-- Opening Marker --

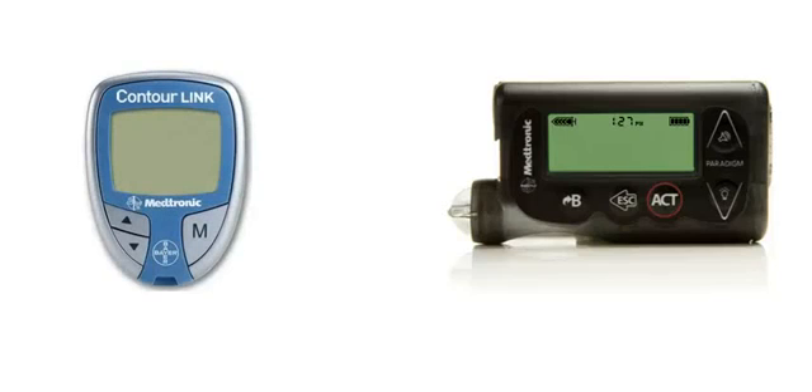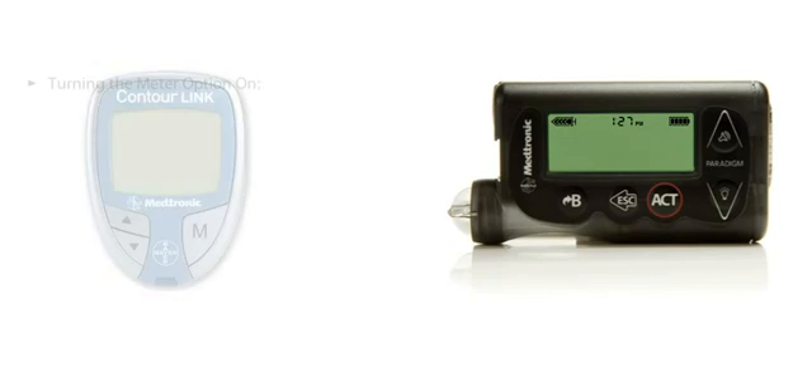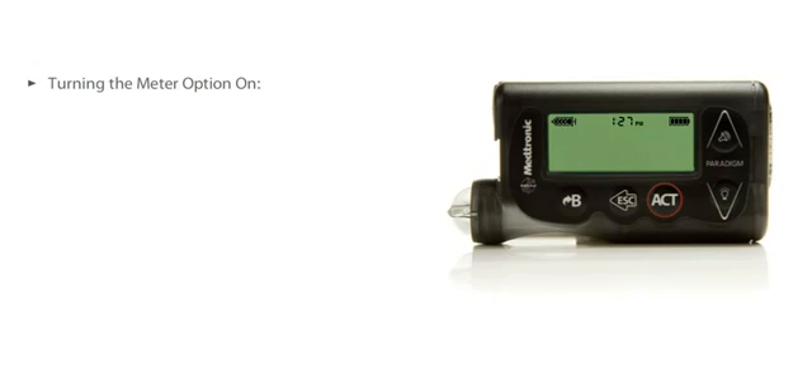First, follow the instructions that came with your new ContourLink meter to set it up. Next, you will need to turn the meter option on in your pump.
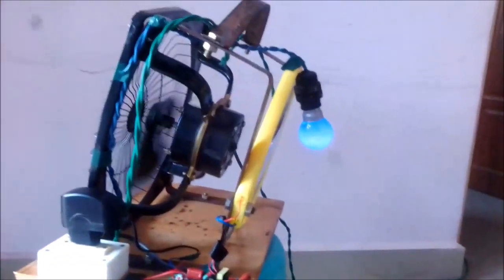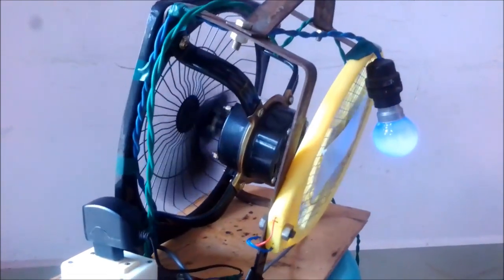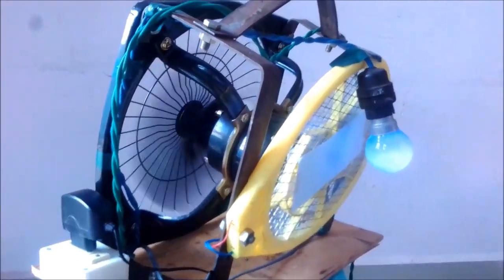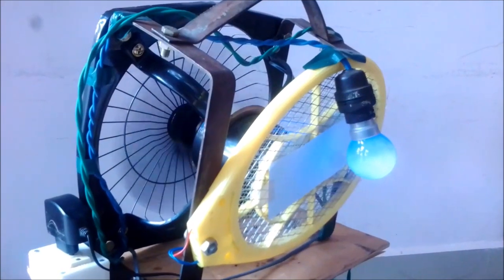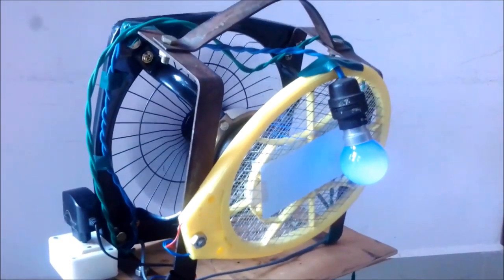持续供电的蚊子棒不断杀死蚊子。蚊帐可能安装在风扇的两侧。用一根电线和插头连接所有三个电器项目，打开它，使它日夜运转。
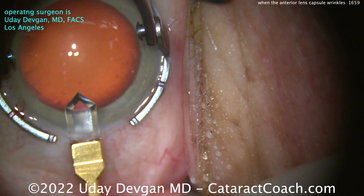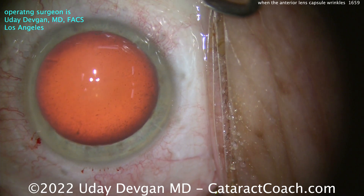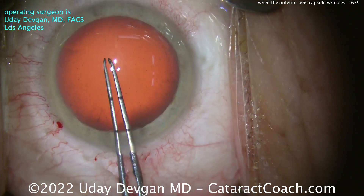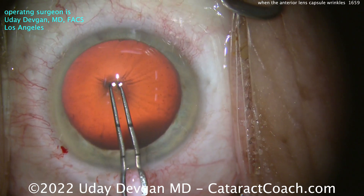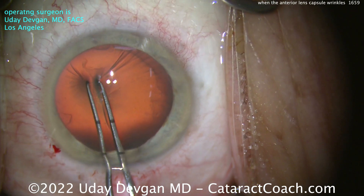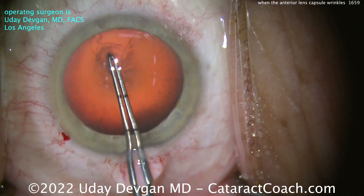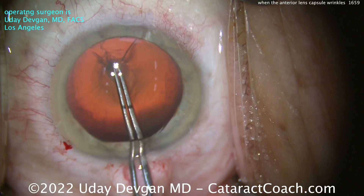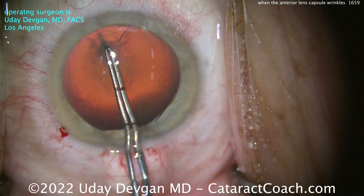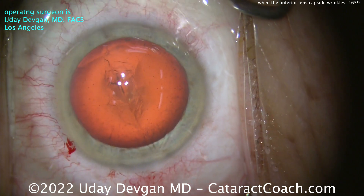Now let's look at the lens capsule. We'll go in with our forceps — here's the part you're waiting for. These are pretty sharp. We poke down in the middle, and I can't poke through. I try again, try just to scrape along the surface, and it's really difficult to puncture the lens capsule. There's a lot of wrinkling going on here, so now I'm getting a little nervous. This forceps is just not sharp enough to penetrate, so I'm going to stop here.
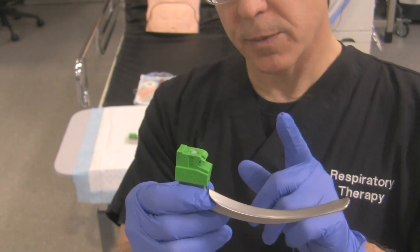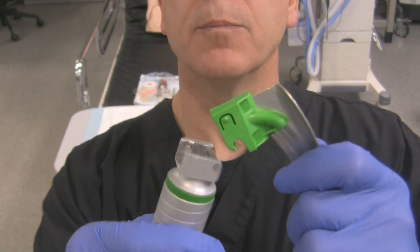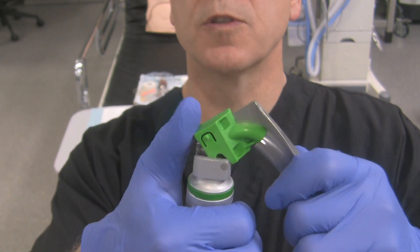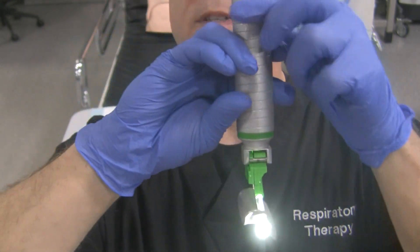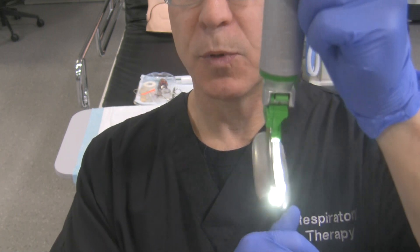To attach it properly, simply line the two together. You can see the bar and the slot — they attach like so. Put your thumb on top and push. Click — the laryngoscope goes on, is functional, and you haven't got your fingers in any pinch points.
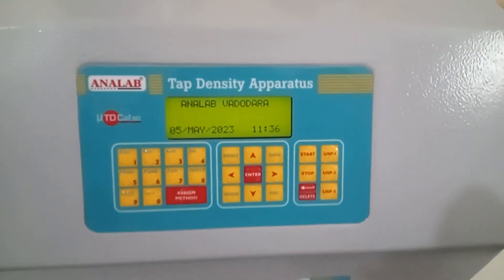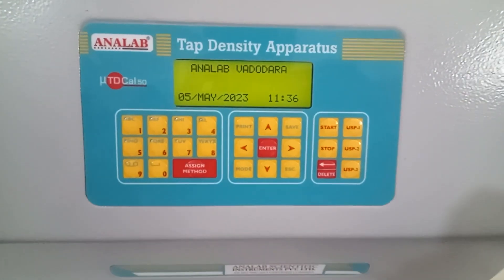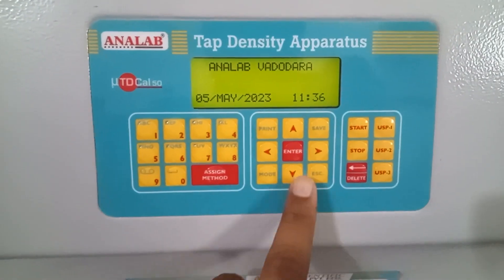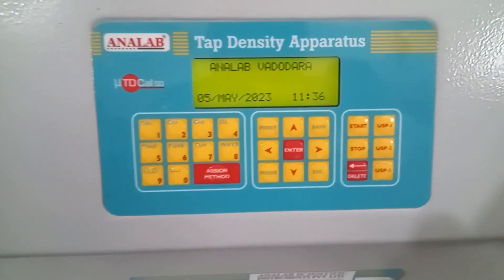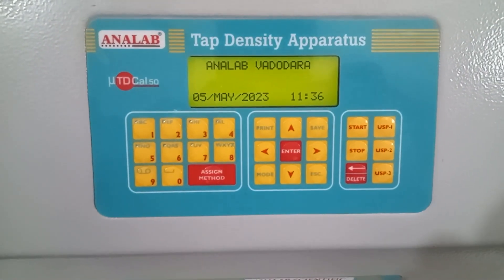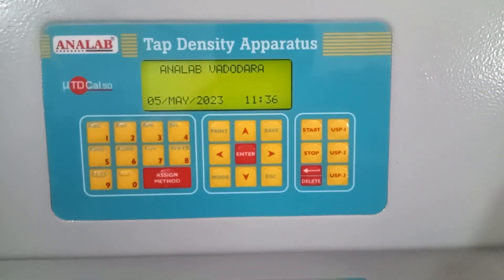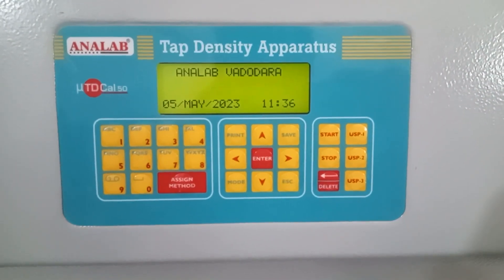Now let's check the overview of the keypad. This is a basic alphanumeric keypad which is almost self-explanatory. These are the other command functions for print, save, mode, escape, and so on. These are the shortcut keys which will be used to run the instrument, which we will discuss further in the video.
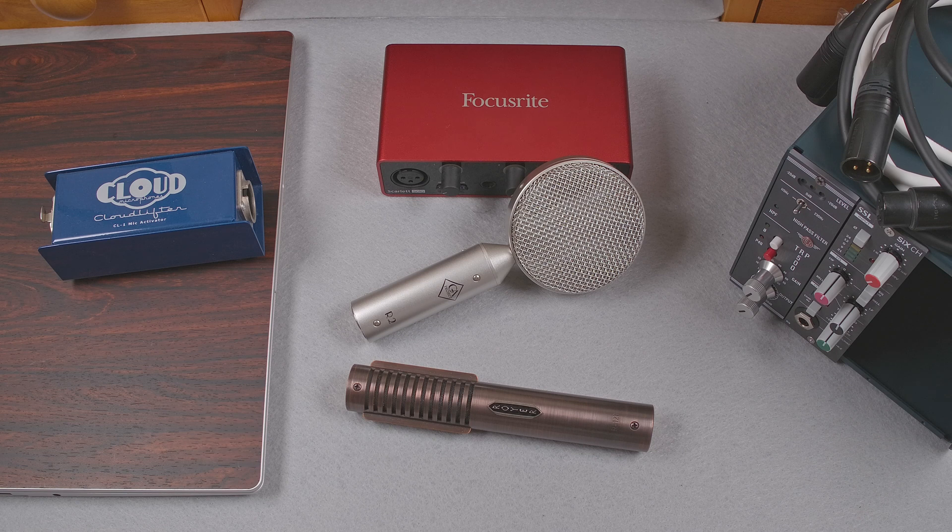I'm going to test several different configurations to see how well each setup works and how they compare. I'll be about 10 inches or so from the mic for each test. First I'll explain the setups I'm going to use, and then I'll record a bit with each. First, I'll connect the mic directly to a Scarlett Solo 3rd generation — a good representation of a typical USB audio interface. The Scarlett Solo has a specified input impedance of 3 kOhms.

-- Closing Marker --

Exercise instructions – A verbatim copy of the material is needed; pictures are not to appear in it.

Response –
First, follow the instructions that came with your new ContourLink meter to set it up. Next, you will need to turn the meter option on in your pump.
持续供电的蚊子棒不断杀死蚊子。蚊帐可能安装在风扇的两侧。用一根电线和插头连接所有三个电器项目，打开它，使它日夜运转。
Now let's look at the lens capsule. We'll go in with our forceps — here's the part you're waiting for. These are pretty sharp. We poke down in the middle, and I can't poke through. I try again, try just to scrape along the surface, and it's really difficult to puncture the lens capsule. There's a lot of wrinkling going on here, so now I'm getting a little nervous. This forceps is just not sharp enough to penetrate, so I'm going to stop here.
To attach it properly, simply line the two together. You can see the bar and the slot — they attach like so. Put your thumb on top and push. Click — the laryngoscope goes on, is functional, and you haven't got your fingers in any pinch points.
Now let's check the overview of the keypad. This is a basic alphanumeric keypad which is almost self-explanatory. These are the other command functions for print, save, mode, escape, and so on. These are the shortcut keys which will be used to run the instrument, which we will discuss further in the video.
I'm going to test several different configurations to see how well each setup works and how they compare. I'll be about 10 inches or so from the mic for each test. First I'll explain the setups I'm going to use, and then I'll record a bit with each. First, I'll connect the mic directly to a Scarlett Solo 3rd generation — a good representation of a typical USB audio interface. The Scarlett Solo has a specified input impedance of 3 kOhms.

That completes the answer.